#### Assignment:
In the entries below, find the line with "Как выбрать и" and the line with "The Week In"; copy them and every line between them exactly, but not the pictures.

Records from a collection
□ □ □

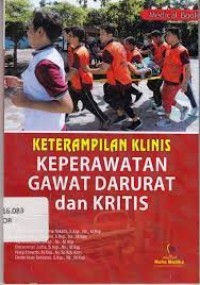 Keterampilan Klinis Keperawatan Gawat Darurat dan Kritis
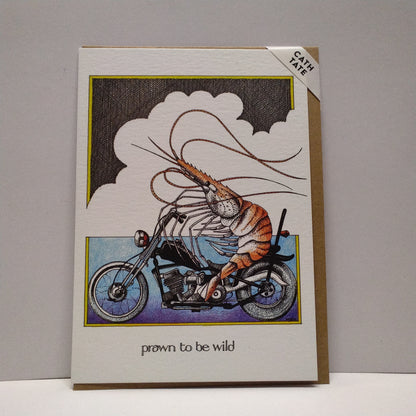 Prawn to be Wild - Greeting Card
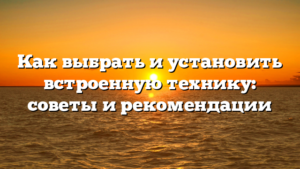 Как выбрать и установить встроенную технику: советы и рекомендации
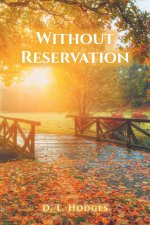 Without Reservation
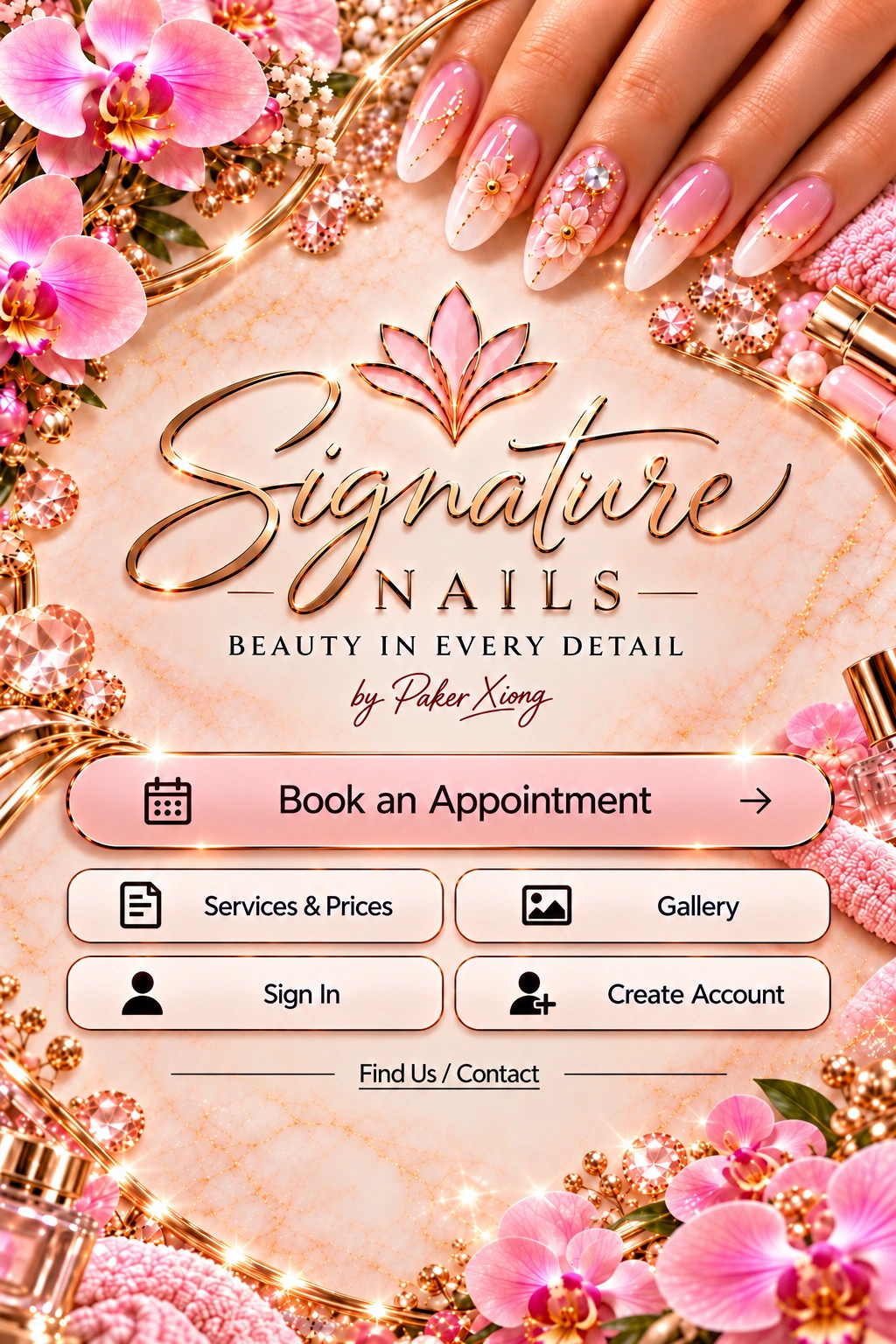 Signature Nails by Paker Xiong. Beauty in every detail. Approved luxury portrait with orchids, rose-gold lotus, by Paker Xiong signature and pink nails.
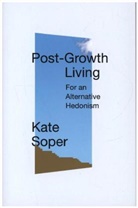 Kate Soper - Post-Growth Living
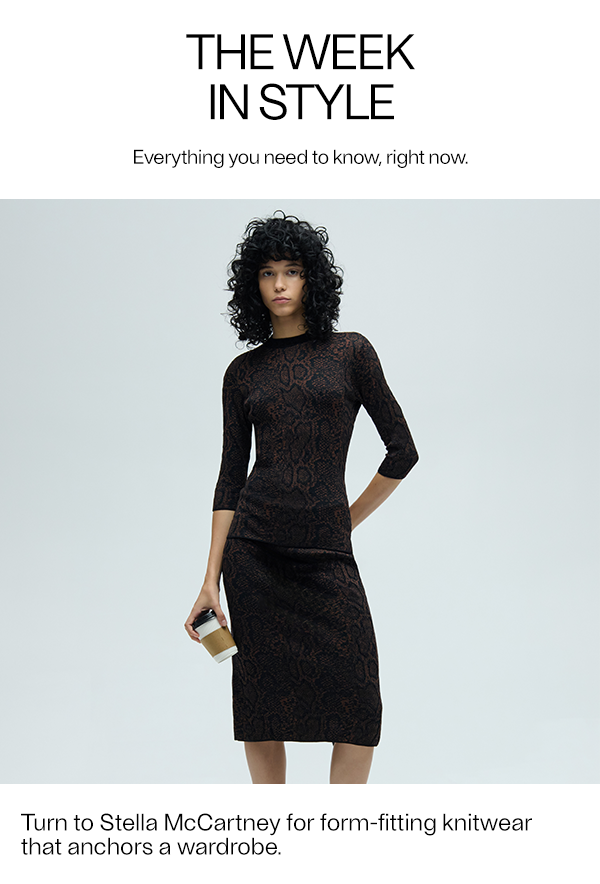 The Week In Style - Everything you need to know, right now.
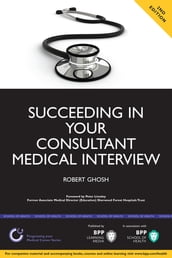 Succeeding in Your Consultant Medical Interview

□ □ □

#### Written answer:
 Как выбрать и установить встроенную технику: советы и рекомендации
 Without Reservation
 Signature Nails by Paker Xiong. Beauty in every detail. Approved luxury portrait with orchids, rose-gold lotus, by Paker Xiong signature and pink nails.
 Kate Soper - Post-Growth Living
 The Week In Style - Everything you need to know, right now.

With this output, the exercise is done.